Finally, the congresswoman stopped talking. Thank God. But now another guy—a Democrat—Christ, what the hell was his name?—was jumping up so he could tell the cameras how wrong the congresswoman was.
Finally
, the time for debate expired, stopping all the nonsense, and everybody cast their vote as they’d intended all along. Mahoney rose from his chair, in a hurry now, as his bladder was about to burst.

“Sir, do you have a moment?”

Mahoney turned to see who was speaking. It was a lobbyist named Preston Whitman.

Whitman had always reminded Mahoney of that actor Liam Neeson: he was a tall man with large hands and
enormous
feet—those puppies had to be size 15s—and he had a big nose and a wide mouth and hair that always looked windswept, as if he had just stepped from a convertible.

It really pissed Mahoney off that Whitman was on the floor of the House.
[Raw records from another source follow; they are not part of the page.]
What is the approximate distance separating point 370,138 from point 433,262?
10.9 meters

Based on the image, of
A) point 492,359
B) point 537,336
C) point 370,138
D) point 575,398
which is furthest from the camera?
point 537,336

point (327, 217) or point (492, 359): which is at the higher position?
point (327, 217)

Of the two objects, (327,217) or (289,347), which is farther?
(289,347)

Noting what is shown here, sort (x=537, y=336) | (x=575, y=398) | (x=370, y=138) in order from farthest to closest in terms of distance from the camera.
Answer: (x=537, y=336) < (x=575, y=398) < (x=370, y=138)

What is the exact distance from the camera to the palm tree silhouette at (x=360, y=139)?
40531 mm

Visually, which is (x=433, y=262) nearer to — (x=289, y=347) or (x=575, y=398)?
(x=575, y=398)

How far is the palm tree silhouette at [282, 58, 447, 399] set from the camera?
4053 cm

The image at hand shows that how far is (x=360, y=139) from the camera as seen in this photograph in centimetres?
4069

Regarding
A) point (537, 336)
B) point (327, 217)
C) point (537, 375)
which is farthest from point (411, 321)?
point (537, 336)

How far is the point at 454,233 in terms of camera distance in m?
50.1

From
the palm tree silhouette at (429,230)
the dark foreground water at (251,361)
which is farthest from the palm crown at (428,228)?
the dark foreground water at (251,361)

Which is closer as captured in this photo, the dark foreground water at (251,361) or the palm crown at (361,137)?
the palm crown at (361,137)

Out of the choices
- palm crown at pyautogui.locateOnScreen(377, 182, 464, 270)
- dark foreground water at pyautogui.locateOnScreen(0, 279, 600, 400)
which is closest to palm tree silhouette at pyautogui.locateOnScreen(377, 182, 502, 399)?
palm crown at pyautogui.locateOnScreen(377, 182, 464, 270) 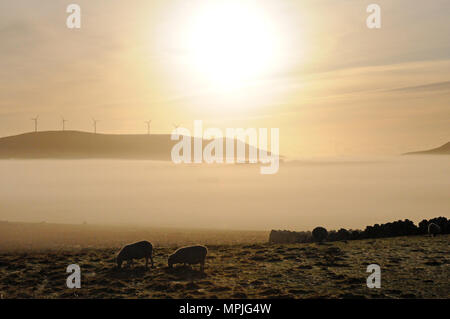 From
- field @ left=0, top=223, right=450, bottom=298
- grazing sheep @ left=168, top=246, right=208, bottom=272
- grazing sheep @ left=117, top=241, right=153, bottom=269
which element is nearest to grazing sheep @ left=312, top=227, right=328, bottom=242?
field @ left=0, top=223, right=450, bottom=298

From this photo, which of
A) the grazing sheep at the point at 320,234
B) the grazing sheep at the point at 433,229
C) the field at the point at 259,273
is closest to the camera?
the field at the point at 259,273

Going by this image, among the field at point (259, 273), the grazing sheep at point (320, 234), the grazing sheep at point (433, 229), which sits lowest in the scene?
the field at point (259, 273)

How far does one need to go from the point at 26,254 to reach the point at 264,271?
62.6 feet

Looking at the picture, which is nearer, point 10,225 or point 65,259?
point 65,259

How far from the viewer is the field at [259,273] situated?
64.9ft

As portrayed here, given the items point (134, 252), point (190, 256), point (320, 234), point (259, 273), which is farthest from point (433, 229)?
point (134, 252)

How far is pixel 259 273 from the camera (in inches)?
920

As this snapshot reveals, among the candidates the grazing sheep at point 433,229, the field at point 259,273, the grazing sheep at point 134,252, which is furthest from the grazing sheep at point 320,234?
the grazing sheep at point 134,252

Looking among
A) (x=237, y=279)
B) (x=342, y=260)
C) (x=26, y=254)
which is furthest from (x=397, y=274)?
(x=26, y=254)

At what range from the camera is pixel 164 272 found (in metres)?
23.5

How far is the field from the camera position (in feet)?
64.9

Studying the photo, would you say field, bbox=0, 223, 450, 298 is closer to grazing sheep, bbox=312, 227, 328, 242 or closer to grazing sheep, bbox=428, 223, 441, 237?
grazing sheep, bbox=428, 223, 441, 237

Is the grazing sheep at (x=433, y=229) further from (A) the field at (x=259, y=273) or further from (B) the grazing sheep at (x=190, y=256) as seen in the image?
(B) the grazing sheep at (x=190, y=256)

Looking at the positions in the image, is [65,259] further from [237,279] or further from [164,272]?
[237,279] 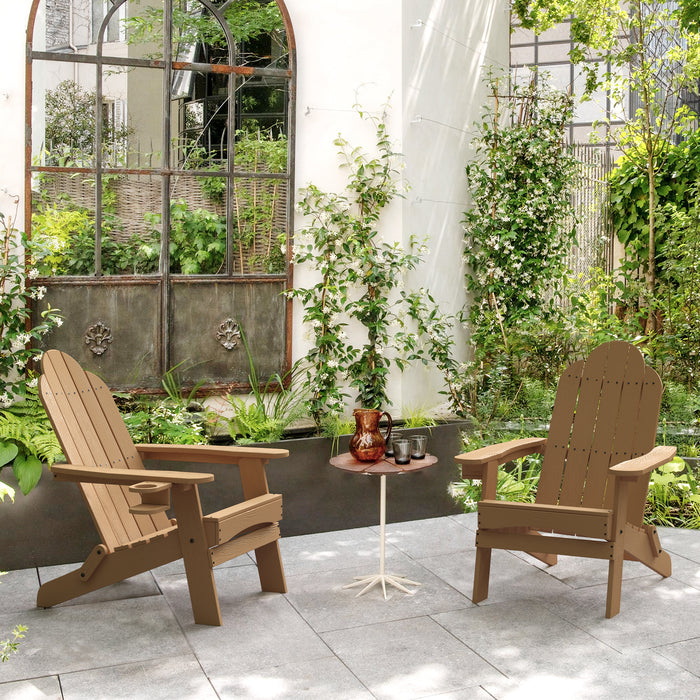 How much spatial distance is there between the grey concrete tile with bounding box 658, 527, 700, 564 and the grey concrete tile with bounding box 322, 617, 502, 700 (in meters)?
1.58

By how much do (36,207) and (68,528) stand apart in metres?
1.74

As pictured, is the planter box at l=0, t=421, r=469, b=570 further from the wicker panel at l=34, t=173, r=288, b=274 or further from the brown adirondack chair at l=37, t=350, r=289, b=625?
the wicker panel at l=34, t=173, r=288, b=274

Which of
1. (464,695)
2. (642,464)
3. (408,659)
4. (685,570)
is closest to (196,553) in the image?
(408,659)

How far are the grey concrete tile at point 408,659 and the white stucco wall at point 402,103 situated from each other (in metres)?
2.23

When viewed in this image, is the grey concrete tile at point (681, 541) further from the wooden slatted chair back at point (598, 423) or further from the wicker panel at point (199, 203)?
the wicker panel at point (199, 203)

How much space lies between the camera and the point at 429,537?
457 cm

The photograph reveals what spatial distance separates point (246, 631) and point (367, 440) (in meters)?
0.98

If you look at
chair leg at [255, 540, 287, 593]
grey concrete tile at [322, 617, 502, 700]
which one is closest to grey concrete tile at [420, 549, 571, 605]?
grey concrete tile at [322, 617, 502, 700]

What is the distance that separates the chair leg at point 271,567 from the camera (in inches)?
148

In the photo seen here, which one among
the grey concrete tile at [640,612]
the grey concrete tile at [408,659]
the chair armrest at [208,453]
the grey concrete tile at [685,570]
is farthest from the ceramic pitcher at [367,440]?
the grey concrete tile at [685,570]

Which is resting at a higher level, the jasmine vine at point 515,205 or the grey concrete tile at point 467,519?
the jasmine vine at point 515,205

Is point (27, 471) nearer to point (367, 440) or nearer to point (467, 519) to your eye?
point (367, 440)

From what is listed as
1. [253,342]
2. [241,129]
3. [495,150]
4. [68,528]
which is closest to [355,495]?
[253,342]

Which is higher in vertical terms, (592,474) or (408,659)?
(592,474) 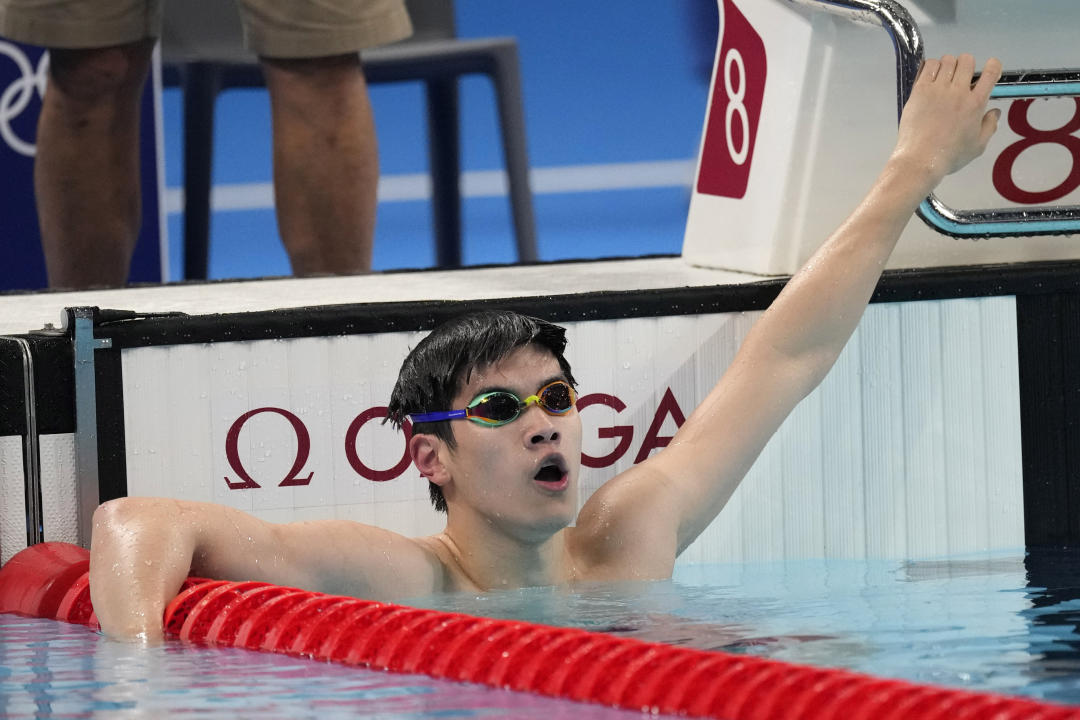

Whenever he saw lobbyists on the floor he felt the same ire that Jesus must have felt when He saw the money changers in the Temple. Well, maybe that was a poor analogy, but it still pissed him off.

“Sorry, Preston, but I’m expecting a call from the White House,” Mahoney lied. “If you need to see me, just make an appointment.” There was no way Whitman—whose clients didn’t contribute to Mahoney—would get an appointment, and both men knew it.

“I need to talk to you about your daughter, sir. About Molly. I have some information you need to hear.”

“My daughter?” Mahoney said, and he felt his face begin to redden. “You listen to me, Whitman. My family is off-limits to you and every other snake on K Street, and if you ever . . .”

“Mr. Speaker, I’m going to be at the Hay Adams at seven p.m. For your daughter’s sake, I’d suggest you meet me there for a drink. You need to hear what I know before anyone else finds out. I’m trying to
help
you, sir.”

“What?” Mahoney said, but he was speaking to Whitman’s back as Whitman was already walking away.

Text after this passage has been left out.